Among the entries below, the lines from the one with "dijual rumah kp sukamaju" up to and including the one with "Epiphone EJ-200SCE Electro" are to be restated exactly, without pictures.

***** Task material *****

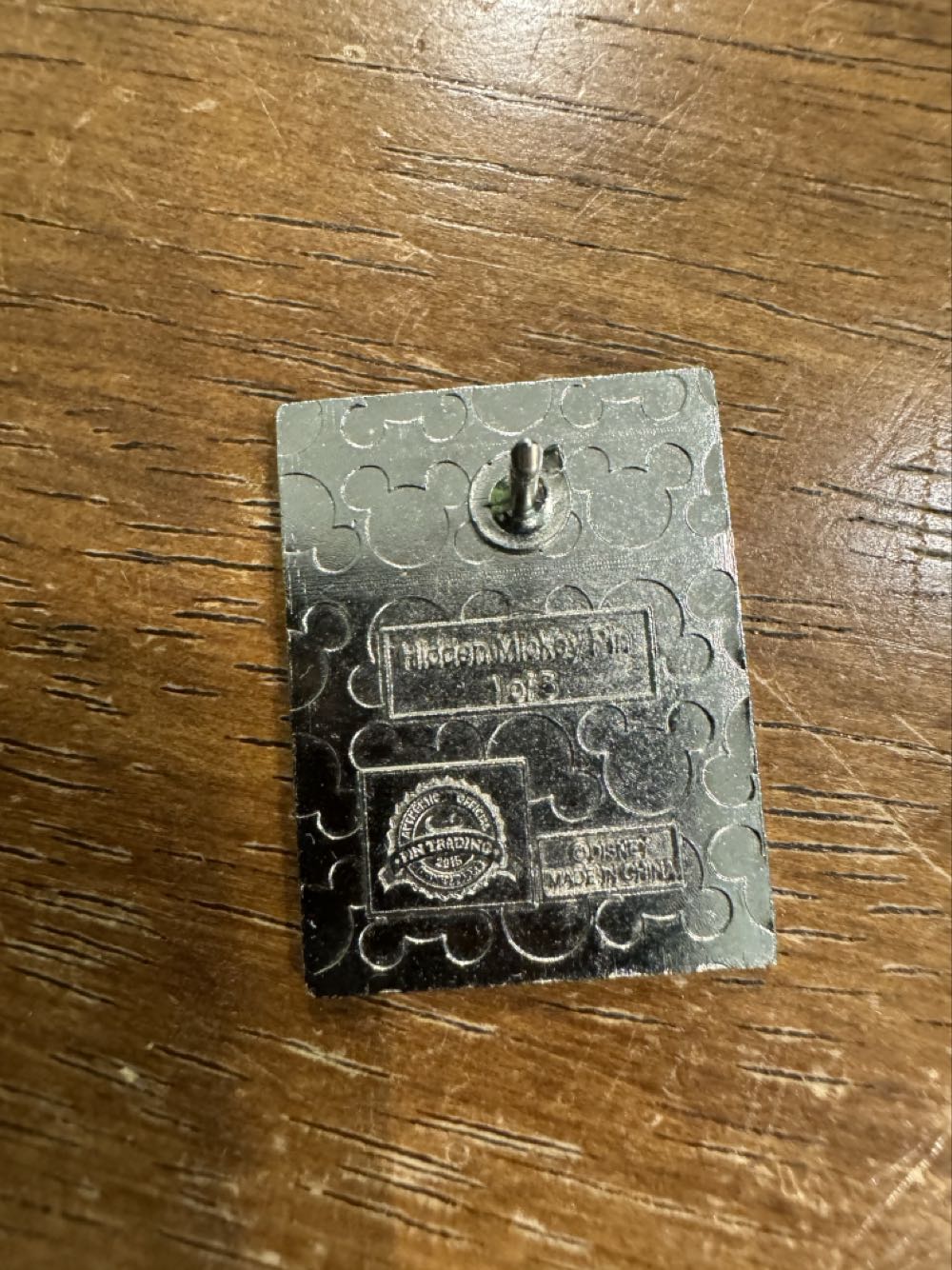 Alice In Wonderland, Green Square  pin collectible - Main Image 2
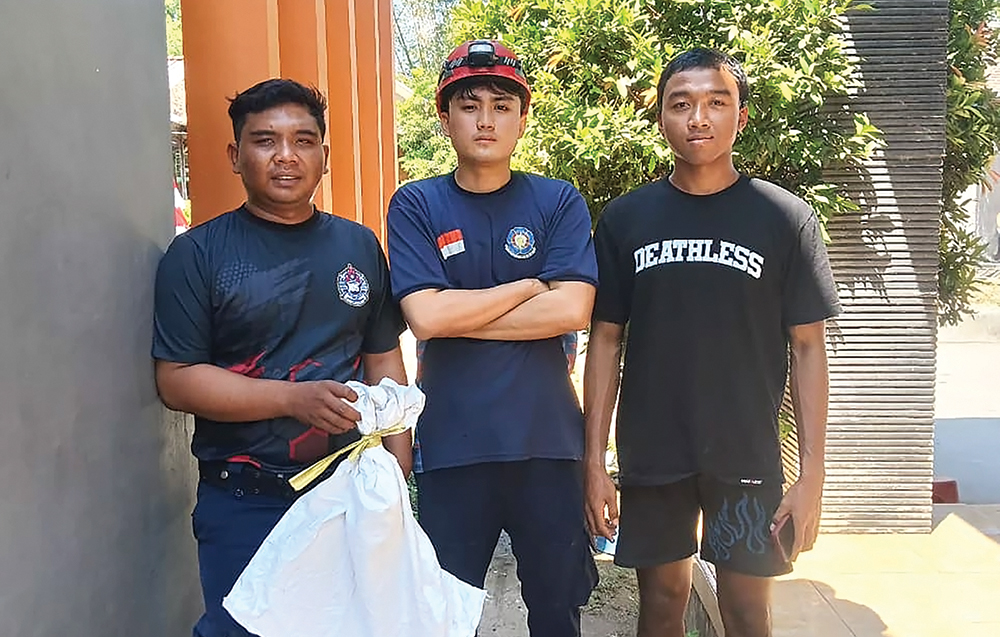 BIKIN GEMPAR: Petugas Damkarmat Nganjuk berhasil mengevakuasi ular di lemari pakaian milik warga Gemenggeng.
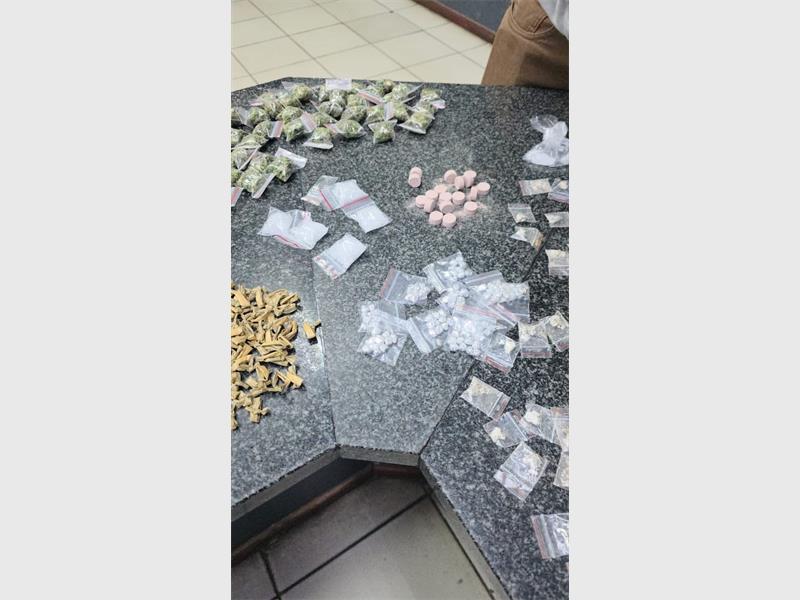 A joint operation between the EMPD and Gauteng Traffic Wardens netted multiple suspects and various narcotics.
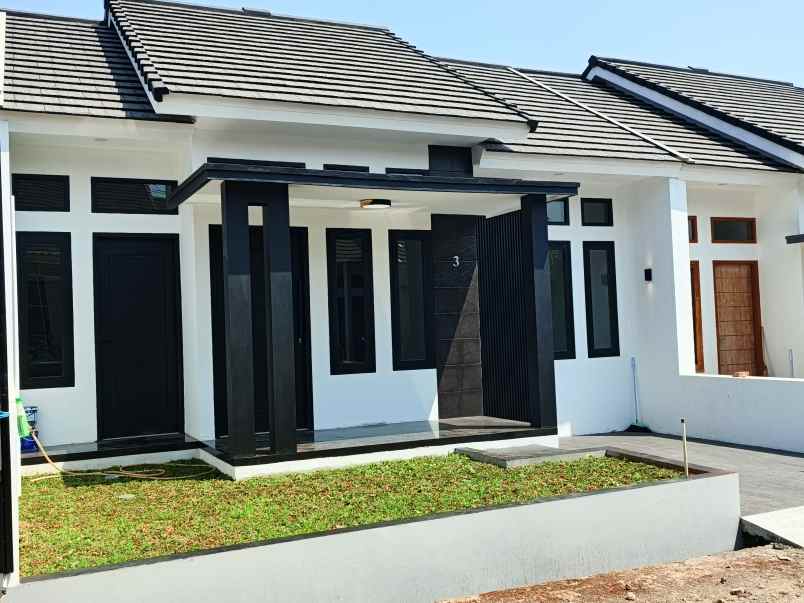 dijual rumah kp sukamaju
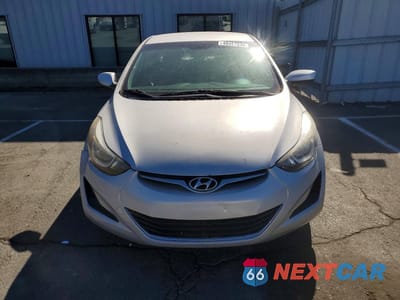 Piąte zdjęcie samochodu w środku: 2016 HYUNDAI ELANTRA SE VIN:5NPDH4AEXGH692115 - miniatura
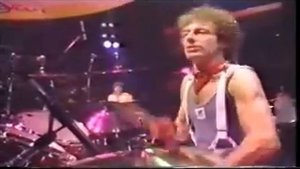 REO Speedwagon - Keep On Loving You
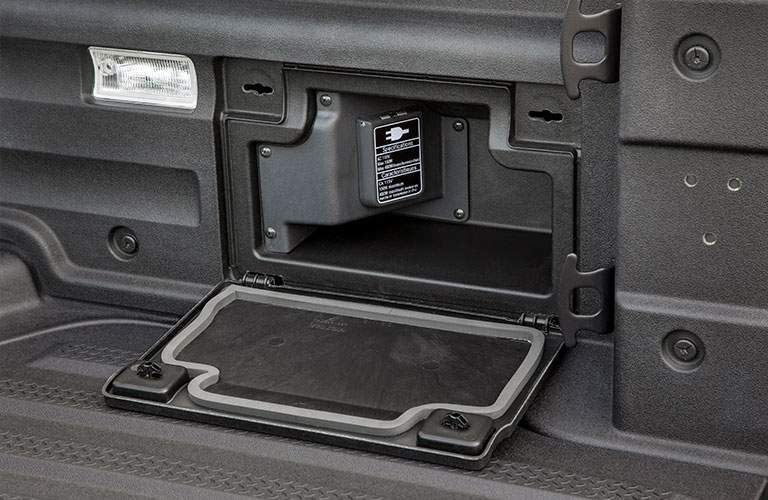 The in bed power outlet of the 2018 Honda Ridgeline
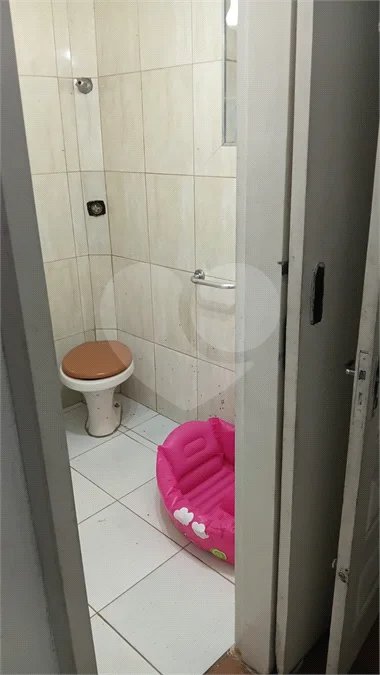 IMÓVEL COM SOBRADO + OUTRA CASA NO TERRENO, ÓTIMA PARA RENDA OU FAMÍLIA GRANDE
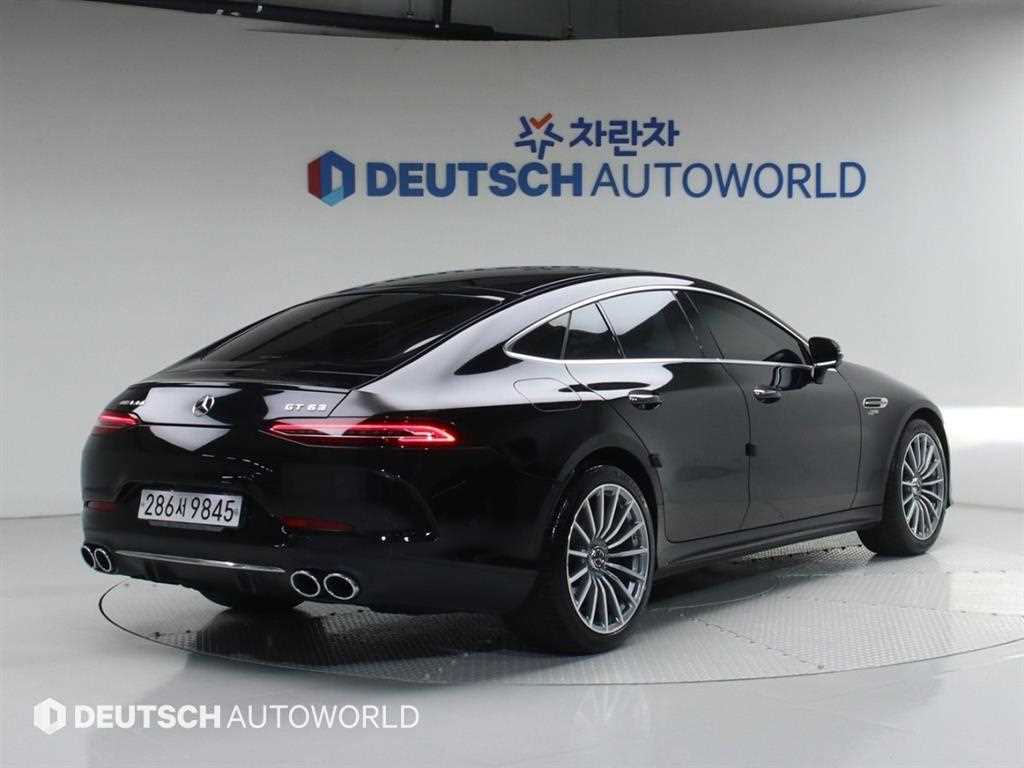 Mercedes Benz AMG GT - Vista 2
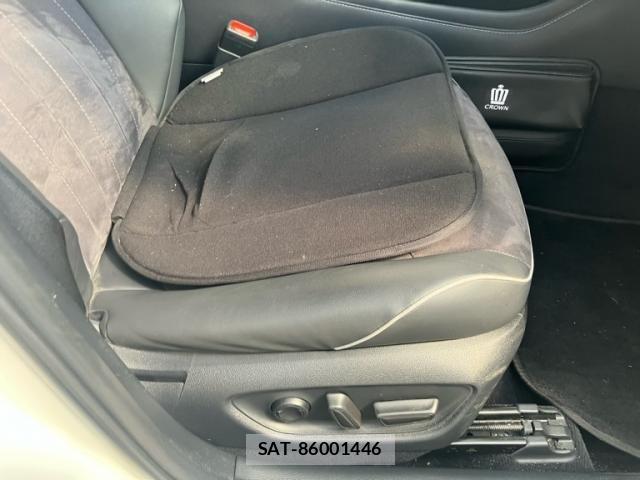 Toyota CROWN SEDAN 2020-07 8561551-15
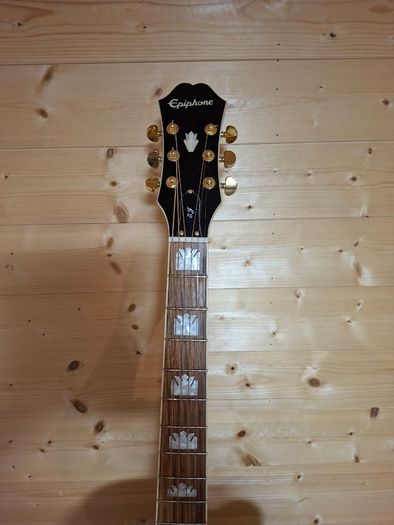 Epiphone EJ-200SCE Electro Acoustic Vintage Natural + Hard Case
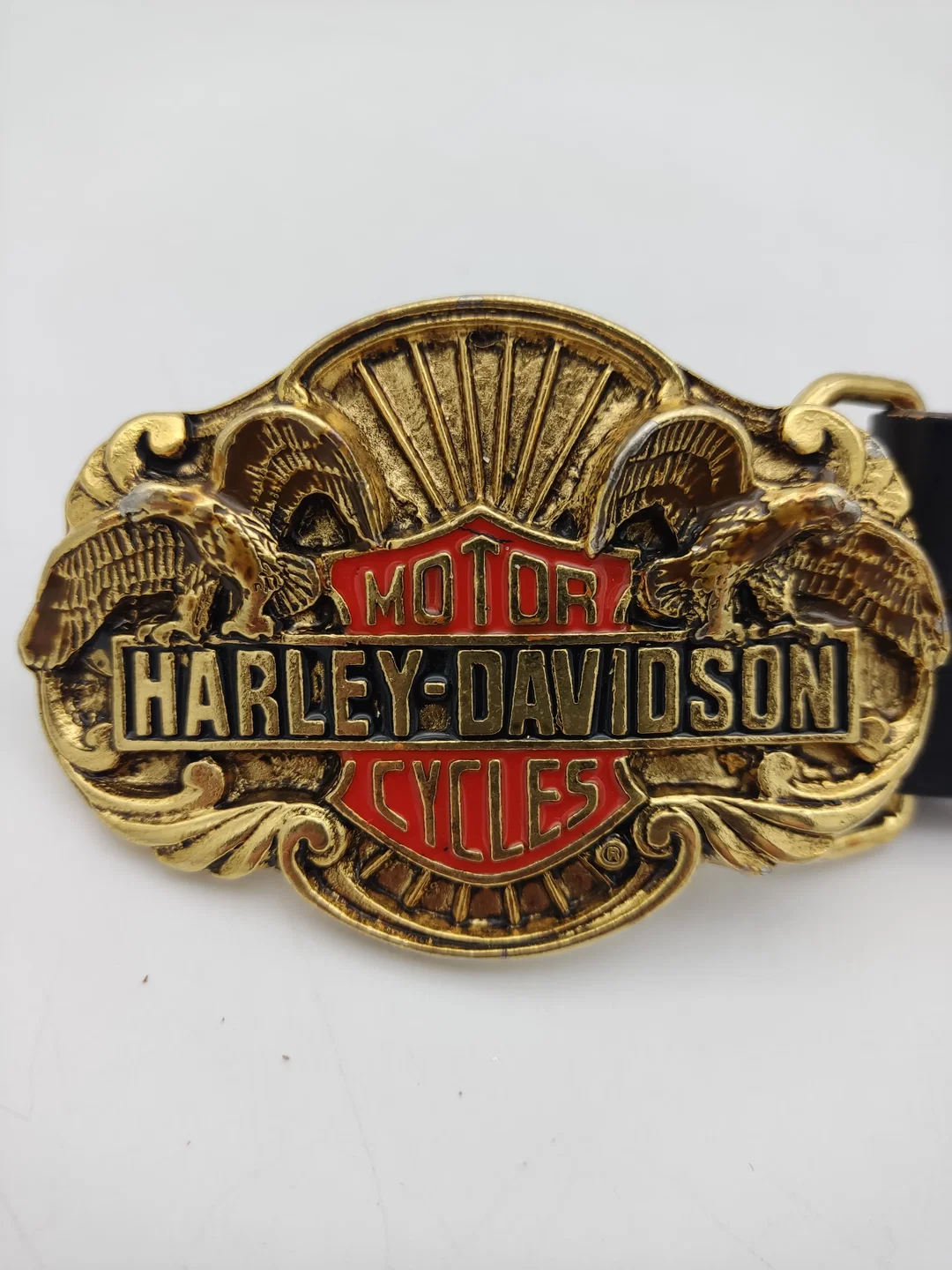 Originale Vintage Harley-Davidson Gürtelschnalle (1988), Model "Sunburst Double Eagle & Bar & Shield", mit geprägtem Leder-Gürtel Länge 85cm, Sammlerstück!! – Bild 1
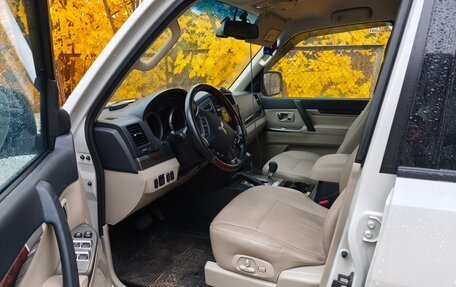 Mitsubishi Pajero IV, 2019 год, 4 300 000 рублей, 14 фотография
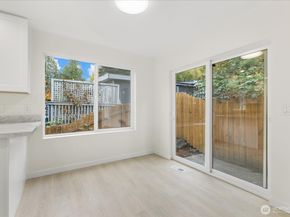 422 E Titus, Kent WA 98030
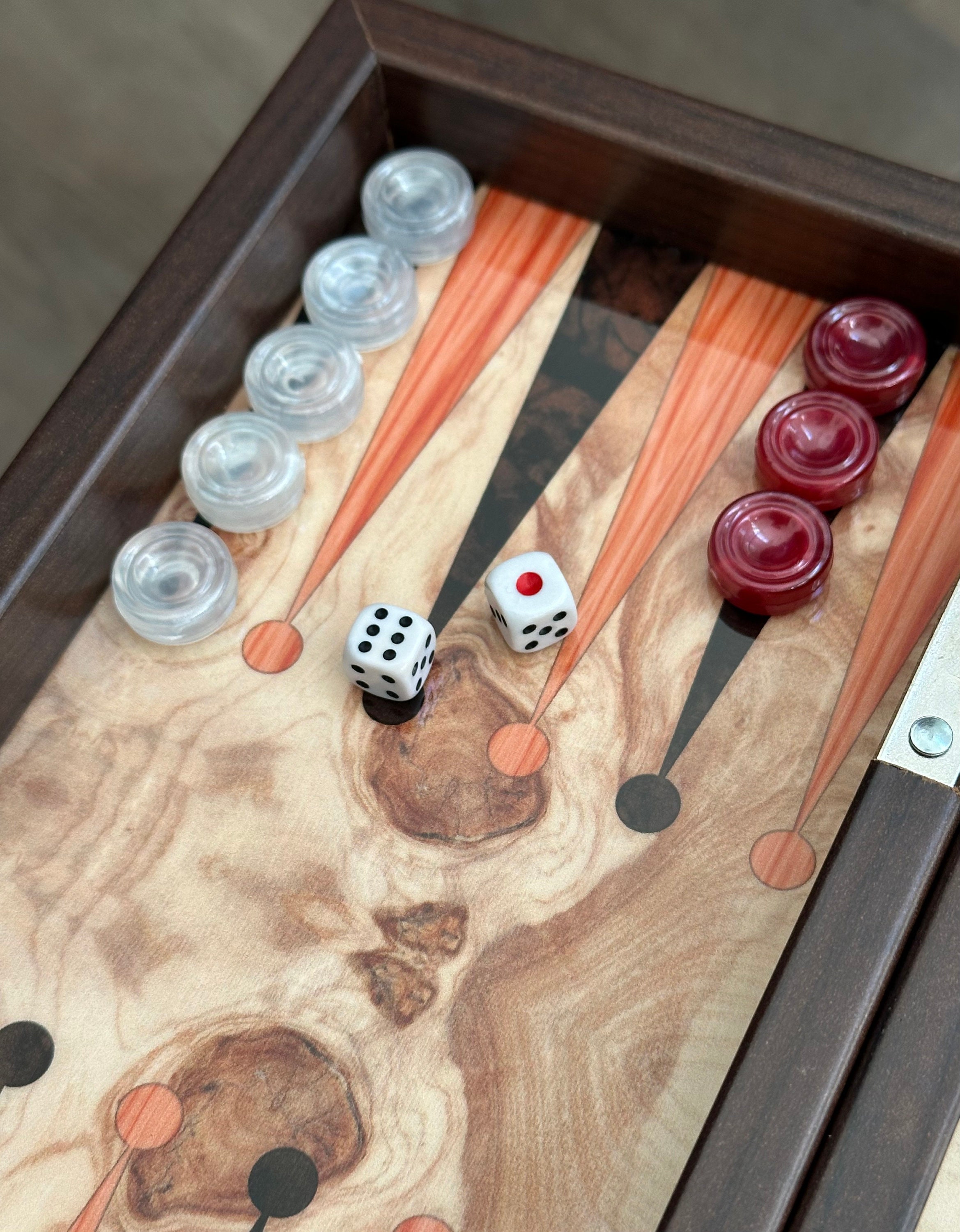 Planche de Ouija en bois de taille moyenne - 36,8 x 23,3 cm - Fait à la  main - Planche et planche en bois de qualité supérieure : : Jeux  et Jouets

*****

→ Task result
 dijual rumah kp sukamaju
 Piąte zdjęcie samochodu w środku: 2016 HYUNDAI ELANTRA SE VIN:5NPDH4AEXGH692115 - miniatura
 REO Speedwagon - Keep On Loving You
 The in bed power outlet of the 2018 Honda Ridgeline
 IMÓVEL COM SOBRADO + OUTRA CASA NO TERRENO, ÓTIMA PARA RENDA OU FAMÍLIA GRANDE
 Mercedes Benz AMG GT - Vista 2
 Toyota CROWN SEDAN 2020-07 8561551-15
 Epiphone EJ-200SCE Electro Acoustic Vintage Natural + Hard Case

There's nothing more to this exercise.